→ **DATASET CONTENT**
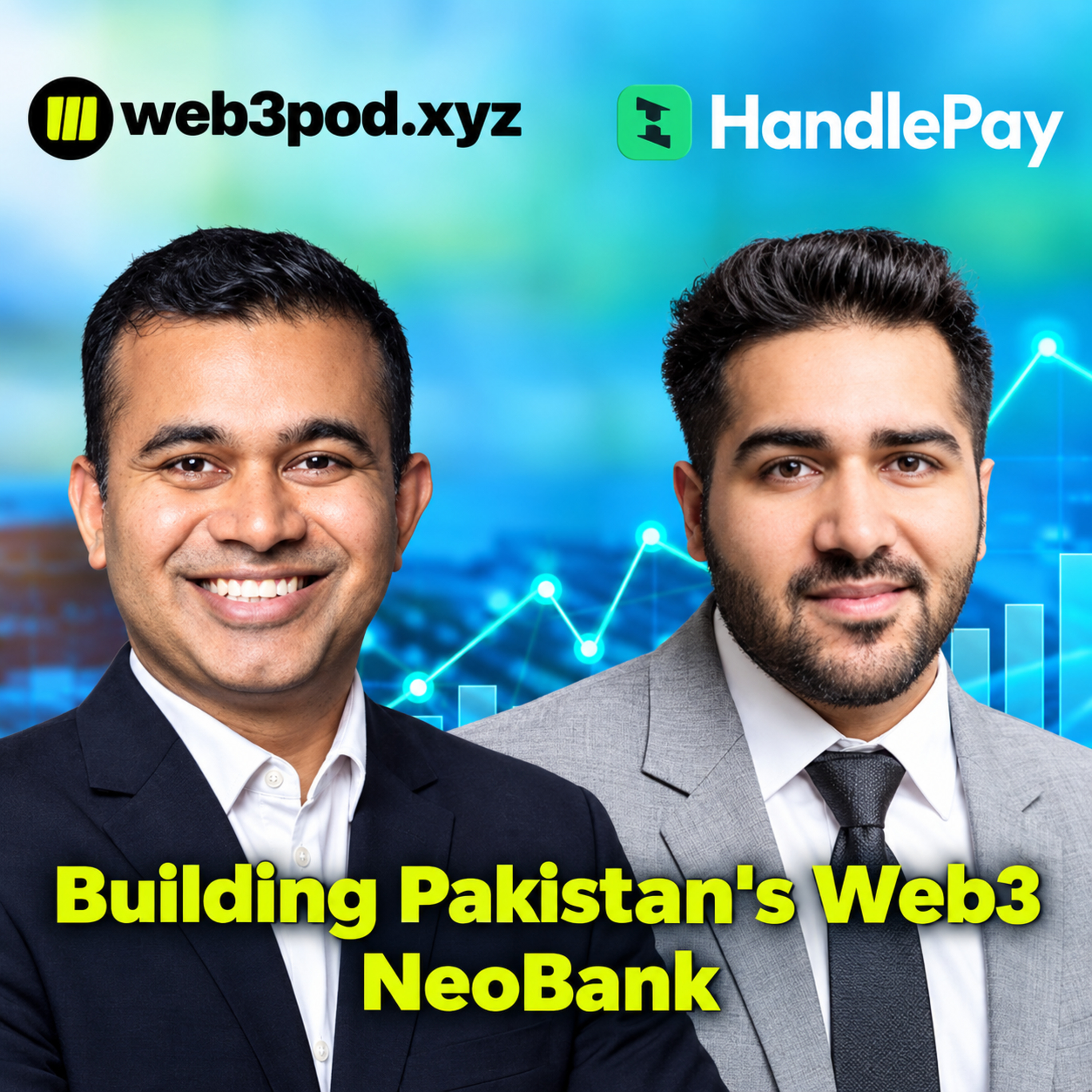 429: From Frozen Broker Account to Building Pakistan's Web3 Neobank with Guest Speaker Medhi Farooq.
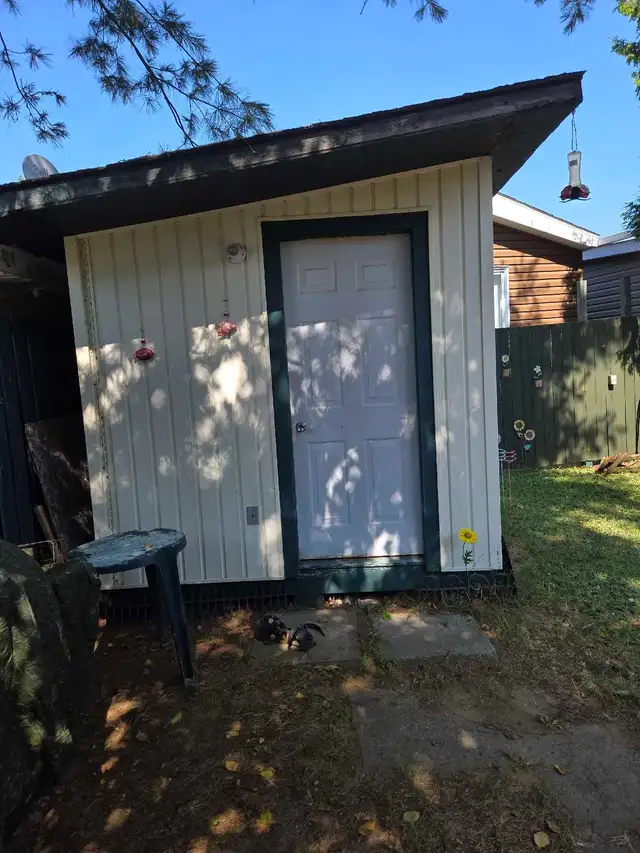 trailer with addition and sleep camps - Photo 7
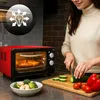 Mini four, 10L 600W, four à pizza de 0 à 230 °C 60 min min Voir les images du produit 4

→ **WHAT YOU WILL DO**
Transcribe each line above exactly, pictures excluded.

→ **RESULT OF THIS TASK**
 429: From Frozen Broker Account to Building Pakistan's Web3 Neobank with Guest Speaker Medhi Farooq.
 trailer with addition and sleep camps - Photo 7
 Mini four, 10L 600W, four à pizza de 0 à 230 °C 60 min min Voir les images du produit 4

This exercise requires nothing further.